The “struc” or structure bioisostere hitlist is very specialized. In some circumstances one may be interested only in the structural aspects of a fragment. In other words, does the fragment present it’s attachment points in the same way independent of shape, chemistry and electrostatics. In these cases, the “struc” hitlist will contain the fragments of interest to you. These will be the fragments that can present substituents in a similar manner to the query fragment.
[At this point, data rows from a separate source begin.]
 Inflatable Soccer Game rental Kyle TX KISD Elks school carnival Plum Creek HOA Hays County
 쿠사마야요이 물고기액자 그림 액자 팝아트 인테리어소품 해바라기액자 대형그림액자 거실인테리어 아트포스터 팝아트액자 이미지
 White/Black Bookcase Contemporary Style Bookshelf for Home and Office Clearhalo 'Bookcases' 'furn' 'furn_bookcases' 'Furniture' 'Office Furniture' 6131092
The final bioisostere hitlist is the “queryAnalog” hitlist. It contains all the fragments that have similar graphs to the query. Here we define similar graphs to be all those fragments that have identical uncolored graphs or uncolored graphs that differ by only one or two atoms from the query. Each of these fragments is oriented and evaluated by the “color” method to allow appropriate visual comparison of the fragment to the query. While this hitlist often contains many fragments that are obvious replacements for a query that one may already have in mind, it may also include fragments with dramatically different chemistry from that seen in the query.
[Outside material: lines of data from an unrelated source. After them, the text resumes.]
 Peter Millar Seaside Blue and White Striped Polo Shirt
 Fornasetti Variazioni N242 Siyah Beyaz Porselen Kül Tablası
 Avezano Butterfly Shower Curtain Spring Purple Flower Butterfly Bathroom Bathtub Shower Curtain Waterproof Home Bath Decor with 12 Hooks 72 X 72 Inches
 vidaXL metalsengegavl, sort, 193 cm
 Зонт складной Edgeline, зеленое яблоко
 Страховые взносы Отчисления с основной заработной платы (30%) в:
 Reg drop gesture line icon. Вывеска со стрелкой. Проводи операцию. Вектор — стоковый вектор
Perhaps the most common extra criteria used in selecting bioisosteric fragments is rigidity. For this reason, BROOD has a control parameter devoted specifically to this property. While BROOD does not carry out complex conformational analysis, it allows a user to only consider bioisosteric fragments that contain ring systems. In practice, this often produces small, rigid, ring-systems that quite nicely overlay with linear query fragments.

Database Generation

An essential feature of these fragment methods is generation of a database of potential fragments. While it may be tempting to generate fragments de novo, these approaches often generate unrealistic chemical fragments. Particularly in regards to a method that is related to a common medicinal chemistry technique, we feel it is important to propose known fragments.

The databases that comes with the BROOD program are derived from a collection of roughly 12 million commercially available compounds. The compounds are fragmented resulting in approximately 90 thousand simple or 600 thousand complex unique molecular fragments. The fragments are filtered to remove toxic, reactive, or extremely large fragments. Two multi-conformer databases of the remaining fragments are provided with the software for bioisostere searches.

Users may also provide their own fragment database for searching. These fragments should be prepared with at least one “attachment point”, represented by a single bond to a dummy atom or “R-group” in most file formats. This distribution includes a utility program to aid in generating multi-conformer databases with OMEGA from fragment files. This is carried out by converting the dummy atom to a methyl group, generating the conformer and then converting the methyl group back to a dummy atom. The fragments in the specified database should already have pre-generated conformer ensembles.

In contrast, the query molecule does not need to have a 3D structure. BROOD will automatically turn a 1D or 2D query fragment in any OpenEye supported file format (vida infra) and generate a low-energy MMFF structure to carry out the bioisostere search. If you want to supply your own query structure please consult the manual entry for the -fromCT flag.